What is centric coordinate? I'm reading an article and it says:

Let $(\hat i, \hat j, \hat k)$ be the ball-centric coordinate reference frame illustrated in Fig. 1.


What is this "ball-centric coordinate"? I thought it was just the position $(x,y,z)$ of the ball center in the world, but I might be wrong. The variables have this hat ^ over them, that is not common to me either.
 A: This is almost more of an English question than a math question. It's not "(ball-centric coordinate) (reference frame)", but "(ball-centric) (coordinate (reference frame))".
The adjective "ball-centric" just means something like "centered at the location of the ball". And "coordinate reference frame" is something like "reference frame for coordinates". In other words, the coordinates they will use are based on the reference frame in the diagram which is centered at the ball's location (in context: the ball's center).

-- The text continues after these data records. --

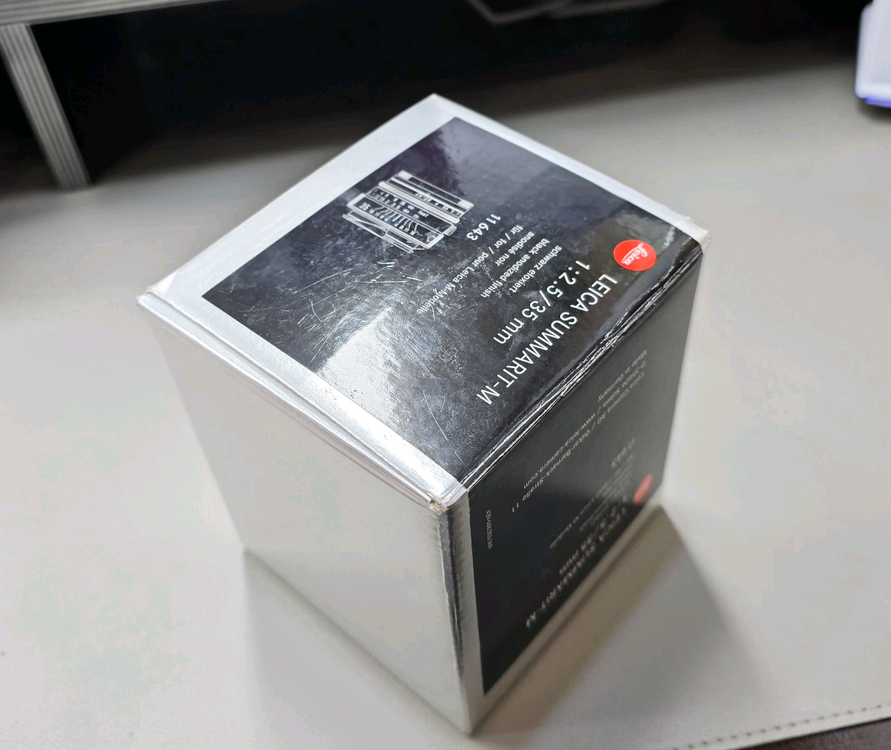 라이카 주마릿 Summarit-M 35mm f/2.5 렌즈 풀박스 이미지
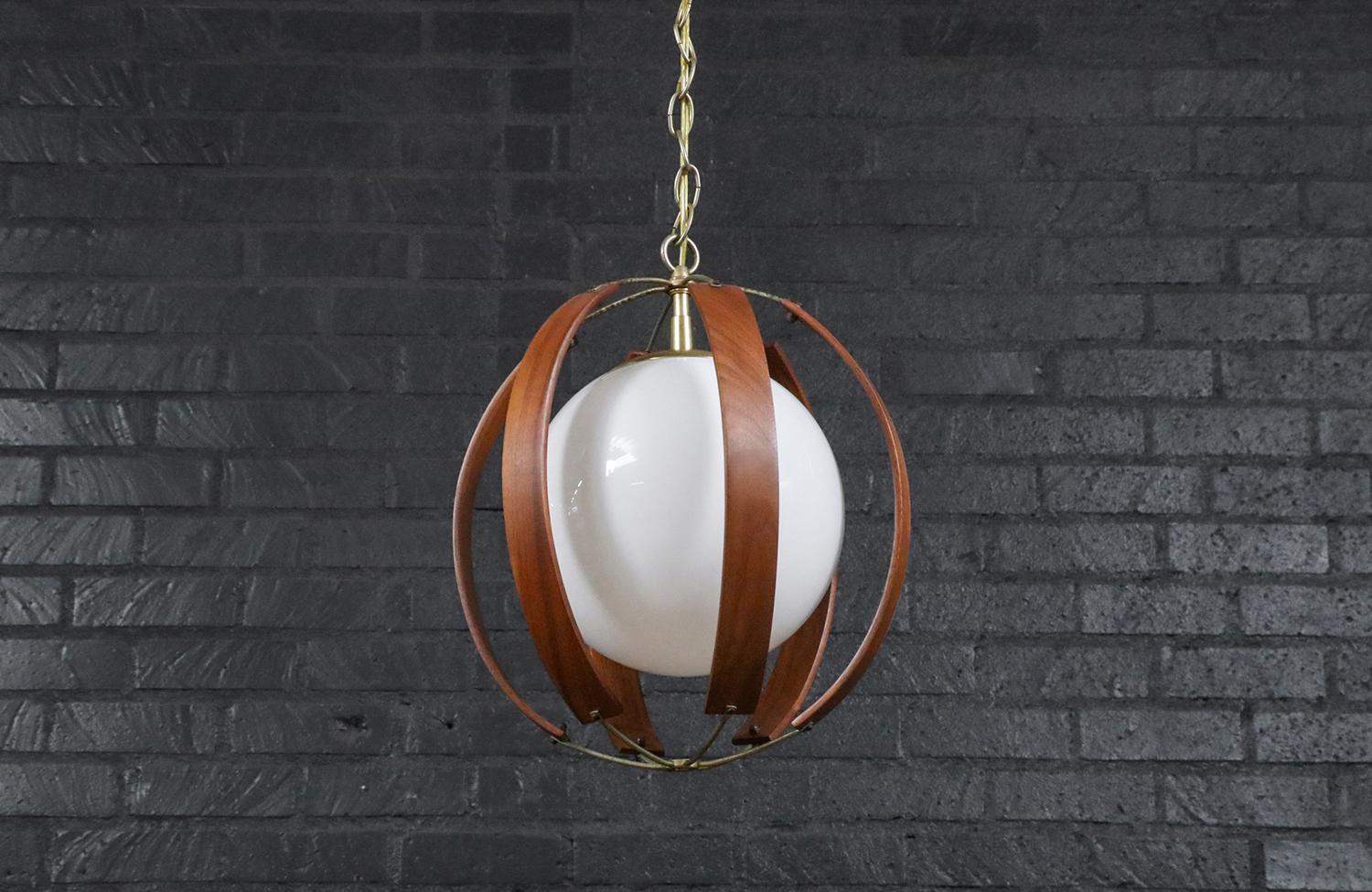 Ottone Sapientemente restaurato - Lampadario a sospensione in noce e ottone della metà del secolo scorso in vendita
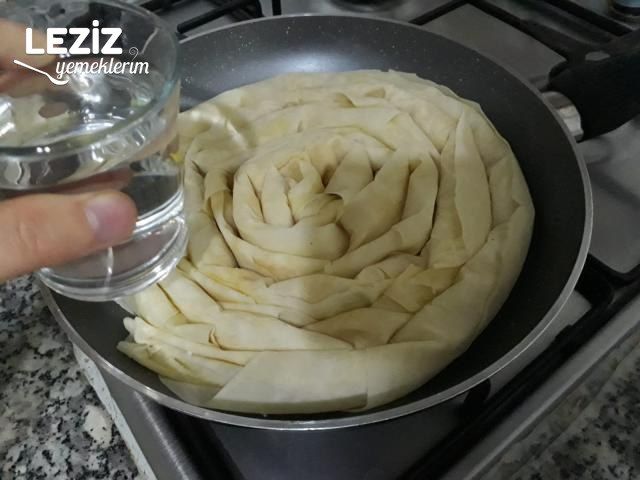 Su Böreği Tadında Tavada Börek
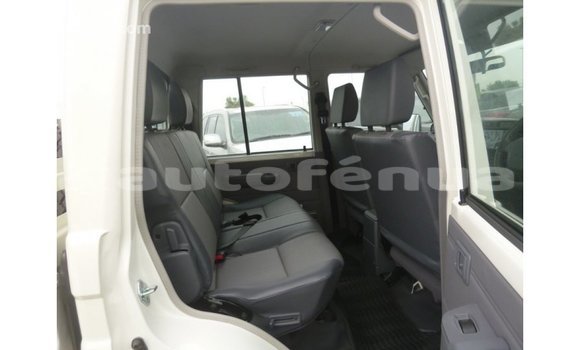 Buy Import Toyota Land Cruiser White Car in Import - Dubai in Marquesas Buy Import Toyota Land Cruiser White Car in Import - Dubai in Marquesas
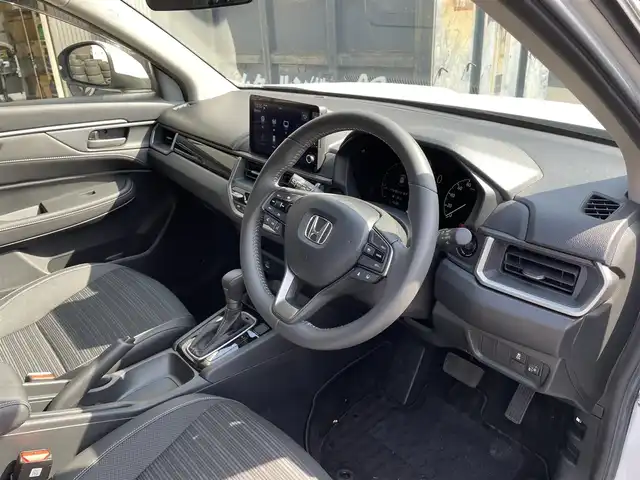 ホンダ ＷＲ－Ｖ Z+ 滋賀県 2024(令6)年 0.3万km プラチナホワイトパール 禁煙車/純正9型ナビ/（BT/フルセグTV/AppleCarplay）/ホンダセンシング/・衝突軽減ブレーキ（CMBS）/・先行車発進お知らせ機能/・歩行者事故低減ステアリング/・路外逸脱抑制機能/・標識認識機能/・アダプティブクルーズコントロール（ACC）/・車線維持支援システム（LKAS）/・誤発進抑制機能/・後方誤発進抑制機能/・近距離衝突軽減ブレーキ/・急アクセル抑制機能/・パーキングセンサーシステム/・オートハイビーム/バックカメラ/ETC/前後ドライブレコーダー/ハーフレザーシート/パドルシフト/ステアリングスイッチ/LEDヘッドライト/純正フロアマット/純正17インチAW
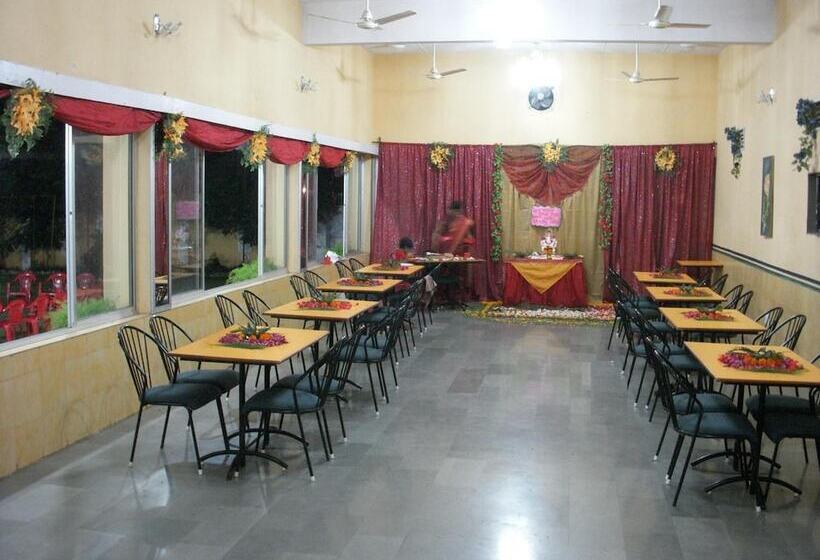 בית מלון כפרי Grand Barrack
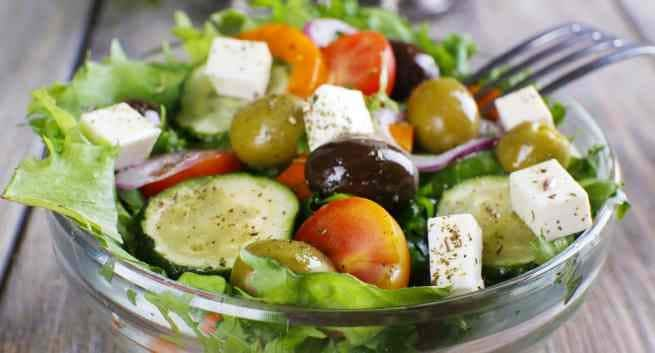 6 Salads You Must Avoid When Trying To Lose Weight | TheHealthSite.com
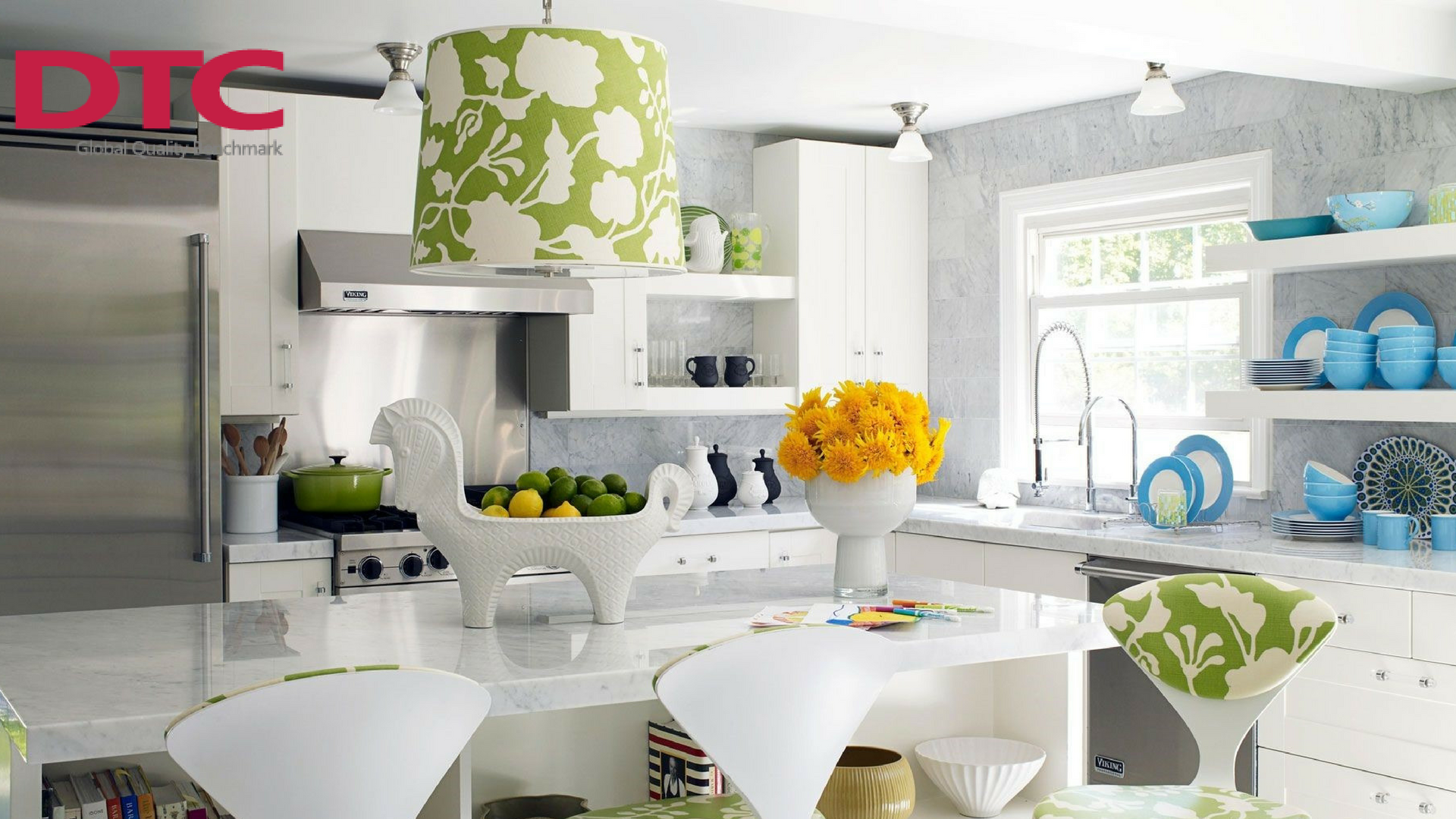 28 mẫu nhà bếp đầy màu sắc truyền cảm hứng bất tận cho bạn cùng với phụ kiện Ray Trượt DTC 28 mẫu nhà bếp đầy màu sắc truyền cảm hứng bất tận cho bạn cùng với phụ kiện Ray Trượt DTC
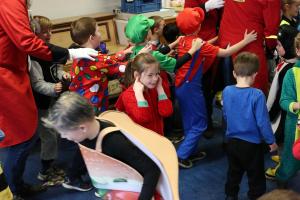 Bezoek basisscholen kindercarnaval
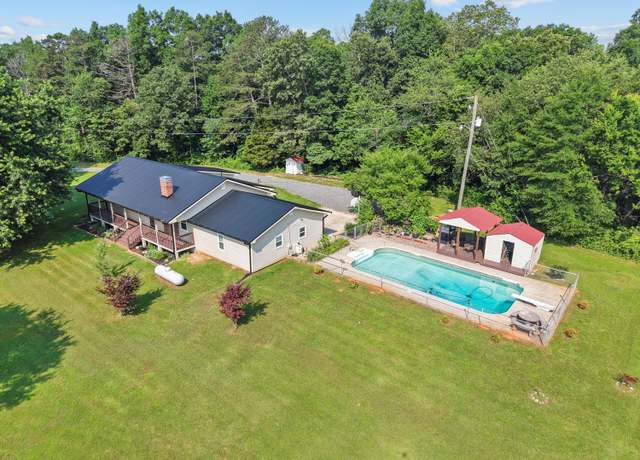 Property at 142 Holli Bird Ln, Ringgold, GA 30736, 4 beds, 2 baths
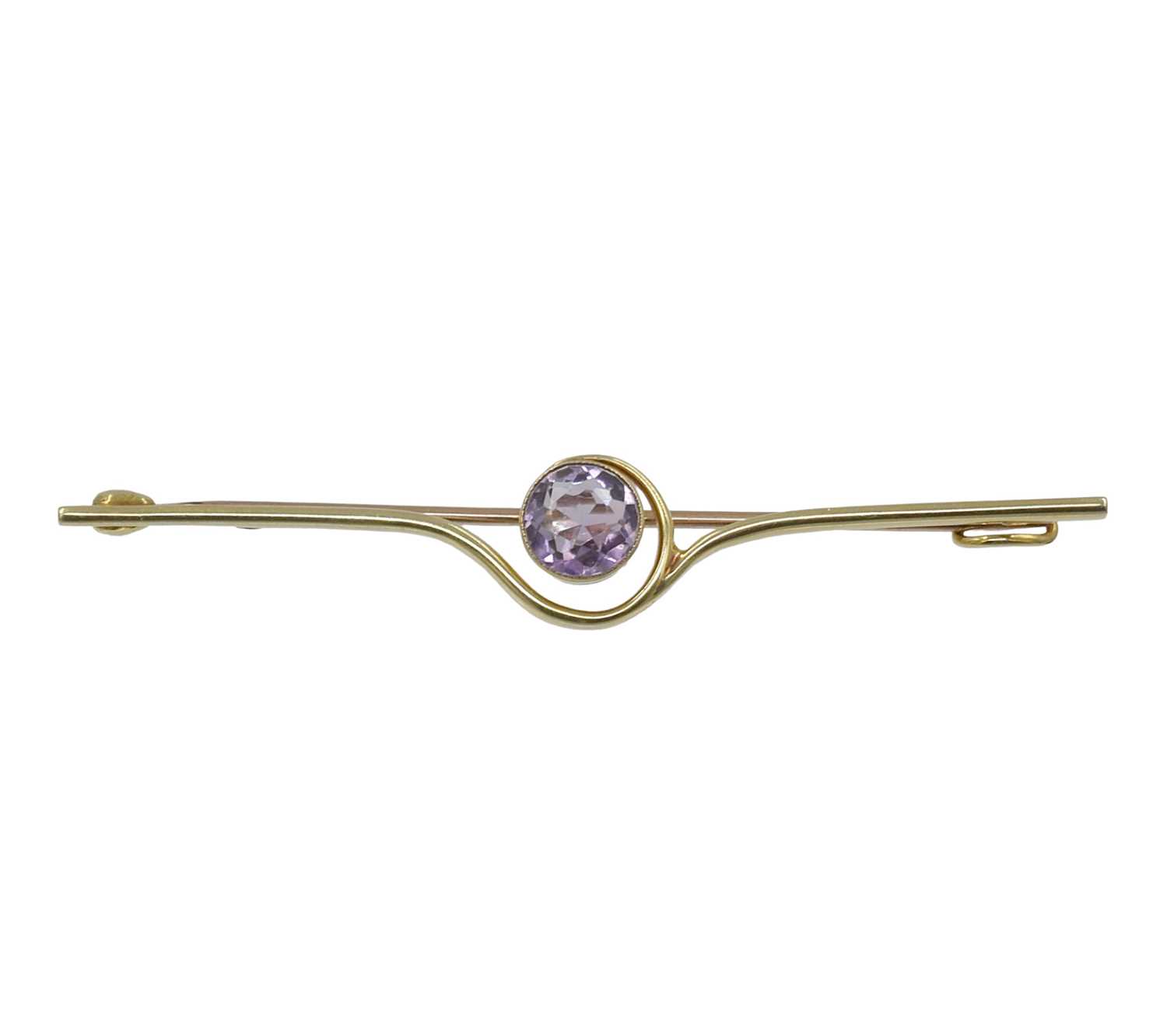 Lot 27 - A 15ct gold and amethyst Edwardian brooch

The remaining question is "what does the reference frame $\left(\hat{\boldsymbol{\imath}},\hat{\boldsymbol{\jmath}},\hat{\boldsymbol{k}}\right)$ mean?" Well, in physics notation especially, the "hat" on a vector like $\hat{\mathbf{v}}$  means that the vector has, or has been made to have, unit length/magnitude. And $\hat{\boldsymbol{\imath}}$ or similar typically denotes the unit vector in the "$x$-direction": $\langle1,0,0\rangle$, etc. So that a vector $\langle1,2,3\rangle$ is equal to $1\hat{\boldsymbol{\imath}}+2\hat{\boldsymbol{\jmath}}+3\hat{\boldsymbol{k}}$. 
But here we're not just talking about vectors with no fixed position, but a whole coordinate system. So $2\hat{\boldsymbol{\jmath}}$ would denote the location that is two units away from the center of the ball in the $\boldsymbol{\jmath}$ direction indicated in  the picture, etc.